It's the usual two-criminal plot structure. In the first plot, an informant brings Capt. Miller intelligence of the whereabouts of an escaped convict, Charlie Jeffers. The 12th promptly arrests Jeffers, who has spent decades escaping from prison after prison after prison all over New York State. Barney discovers that Jeffers, a soft-spoken, erudite man, got a short sentence for stealing a car when he was a young man, but has spent some three decades in prison on escape charges. Jeffers explains that when he figured out that he could escape from prison basically at will, he found himself unable to sit tight and serve out a sentence.

The second plot involves a fellow named Gusik, nabbed by the 12th as he was standing on the ledge of a building...with a pair of wings.
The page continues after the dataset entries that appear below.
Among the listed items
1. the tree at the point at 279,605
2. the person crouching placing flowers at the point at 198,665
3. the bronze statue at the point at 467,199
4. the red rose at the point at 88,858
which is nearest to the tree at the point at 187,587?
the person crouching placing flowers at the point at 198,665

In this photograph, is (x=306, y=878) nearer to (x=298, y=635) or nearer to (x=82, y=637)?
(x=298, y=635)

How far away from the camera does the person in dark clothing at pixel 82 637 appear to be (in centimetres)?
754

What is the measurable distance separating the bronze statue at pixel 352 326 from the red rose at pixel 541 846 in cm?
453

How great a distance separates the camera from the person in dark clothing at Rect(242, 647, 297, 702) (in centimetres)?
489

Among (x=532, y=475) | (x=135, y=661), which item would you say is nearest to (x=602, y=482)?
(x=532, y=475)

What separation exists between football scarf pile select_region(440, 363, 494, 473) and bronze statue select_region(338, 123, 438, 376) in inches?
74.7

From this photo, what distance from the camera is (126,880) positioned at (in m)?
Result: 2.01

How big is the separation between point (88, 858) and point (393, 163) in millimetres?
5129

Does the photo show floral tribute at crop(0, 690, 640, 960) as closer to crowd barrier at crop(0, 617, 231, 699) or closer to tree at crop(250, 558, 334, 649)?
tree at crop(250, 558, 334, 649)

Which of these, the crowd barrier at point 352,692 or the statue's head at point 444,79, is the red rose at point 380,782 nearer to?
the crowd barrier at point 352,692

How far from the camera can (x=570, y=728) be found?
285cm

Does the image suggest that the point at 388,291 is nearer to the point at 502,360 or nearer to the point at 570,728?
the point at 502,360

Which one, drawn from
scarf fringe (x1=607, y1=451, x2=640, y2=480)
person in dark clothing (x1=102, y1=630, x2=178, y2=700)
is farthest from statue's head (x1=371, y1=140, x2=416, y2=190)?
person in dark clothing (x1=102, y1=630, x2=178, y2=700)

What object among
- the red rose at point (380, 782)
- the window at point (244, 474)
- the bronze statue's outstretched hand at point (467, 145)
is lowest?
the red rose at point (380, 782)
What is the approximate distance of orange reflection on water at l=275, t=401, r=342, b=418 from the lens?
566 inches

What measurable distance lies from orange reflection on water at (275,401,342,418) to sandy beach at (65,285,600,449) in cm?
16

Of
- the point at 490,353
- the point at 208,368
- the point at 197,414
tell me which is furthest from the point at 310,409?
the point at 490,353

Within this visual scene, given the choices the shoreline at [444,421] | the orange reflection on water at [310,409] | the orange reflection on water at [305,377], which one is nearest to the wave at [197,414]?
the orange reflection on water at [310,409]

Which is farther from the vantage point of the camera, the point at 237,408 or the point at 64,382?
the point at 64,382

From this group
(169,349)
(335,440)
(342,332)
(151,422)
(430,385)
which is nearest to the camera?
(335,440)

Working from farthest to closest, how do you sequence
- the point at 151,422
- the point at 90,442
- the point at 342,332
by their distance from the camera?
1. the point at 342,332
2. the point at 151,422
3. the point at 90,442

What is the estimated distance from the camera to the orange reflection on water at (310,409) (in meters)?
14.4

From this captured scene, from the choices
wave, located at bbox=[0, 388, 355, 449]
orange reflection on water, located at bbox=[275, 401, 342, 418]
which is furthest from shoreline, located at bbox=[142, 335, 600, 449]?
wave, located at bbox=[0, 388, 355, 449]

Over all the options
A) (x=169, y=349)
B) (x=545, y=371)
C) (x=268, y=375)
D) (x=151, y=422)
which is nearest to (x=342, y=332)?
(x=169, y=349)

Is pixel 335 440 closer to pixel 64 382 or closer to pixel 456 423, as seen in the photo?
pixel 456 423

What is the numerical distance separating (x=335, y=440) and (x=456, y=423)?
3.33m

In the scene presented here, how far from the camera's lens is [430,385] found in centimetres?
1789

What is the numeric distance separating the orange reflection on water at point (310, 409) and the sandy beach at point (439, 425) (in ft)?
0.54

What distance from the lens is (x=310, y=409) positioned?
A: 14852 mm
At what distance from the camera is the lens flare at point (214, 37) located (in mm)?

It turns out he wasn't a jumper, he was going to try and fly. Barney has his men call Bellevue, but Gusik insists that he isn't crazy and his wings will work.
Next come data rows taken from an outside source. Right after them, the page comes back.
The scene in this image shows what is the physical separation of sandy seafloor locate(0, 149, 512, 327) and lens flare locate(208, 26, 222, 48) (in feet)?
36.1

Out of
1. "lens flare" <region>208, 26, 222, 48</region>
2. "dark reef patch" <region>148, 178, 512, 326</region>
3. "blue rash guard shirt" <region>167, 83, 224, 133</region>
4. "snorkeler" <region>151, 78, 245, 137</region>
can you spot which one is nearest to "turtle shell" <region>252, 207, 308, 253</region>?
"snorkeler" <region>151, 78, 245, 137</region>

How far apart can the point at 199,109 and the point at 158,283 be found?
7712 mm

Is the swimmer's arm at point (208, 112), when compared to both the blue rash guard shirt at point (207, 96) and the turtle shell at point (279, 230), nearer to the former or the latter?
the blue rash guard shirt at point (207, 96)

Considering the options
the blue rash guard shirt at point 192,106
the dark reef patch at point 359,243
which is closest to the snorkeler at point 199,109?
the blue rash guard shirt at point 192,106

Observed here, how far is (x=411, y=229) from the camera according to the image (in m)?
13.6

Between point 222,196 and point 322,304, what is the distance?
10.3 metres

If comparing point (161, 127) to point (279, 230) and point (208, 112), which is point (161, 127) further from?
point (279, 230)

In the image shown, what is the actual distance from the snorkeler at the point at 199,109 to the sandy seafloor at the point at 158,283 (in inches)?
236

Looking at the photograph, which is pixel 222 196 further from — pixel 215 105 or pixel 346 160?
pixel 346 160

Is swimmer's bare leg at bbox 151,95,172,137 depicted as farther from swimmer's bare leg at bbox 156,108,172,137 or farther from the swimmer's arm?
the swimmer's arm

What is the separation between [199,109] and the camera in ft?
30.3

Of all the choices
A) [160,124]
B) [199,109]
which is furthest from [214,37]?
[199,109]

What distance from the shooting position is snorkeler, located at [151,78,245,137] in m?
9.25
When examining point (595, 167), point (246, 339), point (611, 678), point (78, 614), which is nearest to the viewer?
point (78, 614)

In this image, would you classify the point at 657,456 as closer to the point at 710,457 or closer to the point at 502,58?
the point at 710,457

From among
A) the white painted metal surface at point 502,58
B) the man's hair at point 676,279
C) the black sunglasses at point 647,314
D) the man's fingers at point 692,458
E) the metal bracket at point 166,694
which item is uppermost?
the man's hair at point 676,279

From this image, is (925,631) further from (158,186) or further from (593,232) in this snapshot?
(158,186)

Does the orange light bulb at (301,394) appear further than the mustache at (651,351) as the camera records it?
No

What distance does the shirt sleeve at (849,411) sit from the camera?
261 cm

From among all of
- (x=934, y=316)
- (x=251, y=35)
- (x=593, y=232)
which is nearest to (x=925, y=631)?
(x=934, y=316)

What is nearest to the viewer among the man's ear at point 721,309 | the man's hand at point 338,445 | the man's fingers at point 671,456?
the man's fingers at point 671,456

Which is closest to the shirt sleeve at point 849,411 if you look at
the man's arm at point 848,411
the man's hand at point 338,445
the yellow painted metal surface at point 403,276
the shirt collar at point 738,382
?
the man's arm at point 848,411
In a third plot line, Harris has gotten the idea to write a novel based on his own experiences as an NYPD. This became a story arc for nearly the whole run of the show.


Tropes:

  • And the Adventure Continues: As Jeffers and Barney are talking, Jeffers muses that he's losing the drive to escape as he gets older. Barney suggests just riding out the rest of his sentence and getting out for good, and Jeffers agrees. However, the prison official who comes to take Jeffers away boasts that they've built a room for him that's "100% escape proof."
    Jeffers: I really wish he hadn't said that.
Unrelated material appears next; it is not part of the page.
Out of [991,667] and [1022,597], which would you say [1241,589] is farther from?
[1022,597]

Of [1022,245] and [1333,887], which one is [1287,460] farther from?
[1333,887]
  • Bad to the Last Drop: This episode was the first instance of a joke about the terrible coffee at the 12th, which would become a Running Gag for years. Barney asks if any crimes have happened while he was out, and Yemana says "Coffee?"
    Barney: I would hesitate to call our coffee a crime. A shame, maybe. [sips his coffee, grimaces] That's a crime.
  • Bilingual Backfire: At one point, Harris asks Yemana to tell him how to say "get me a cup of coffee" in Japanese, as one of the detectives in his novel will be of Japanese ancestry and says that every morning. Yemana questions why, as nobody else in the precinct would likely understand Japanese. However he complies note . Fish walks by and snaps back "get it yourself! What am I, your maid?!"
  • The Cloudcuckoolander Was Right: At the end Barney is told that Gusik broke loose from the Bellevue men, ran to the roof of the 12th Precinct with his wings, jumped off the roof... and gently glided to the ground. When one of the cops says that they finally got Gusik into the truck and took him away, Barney says "Why?".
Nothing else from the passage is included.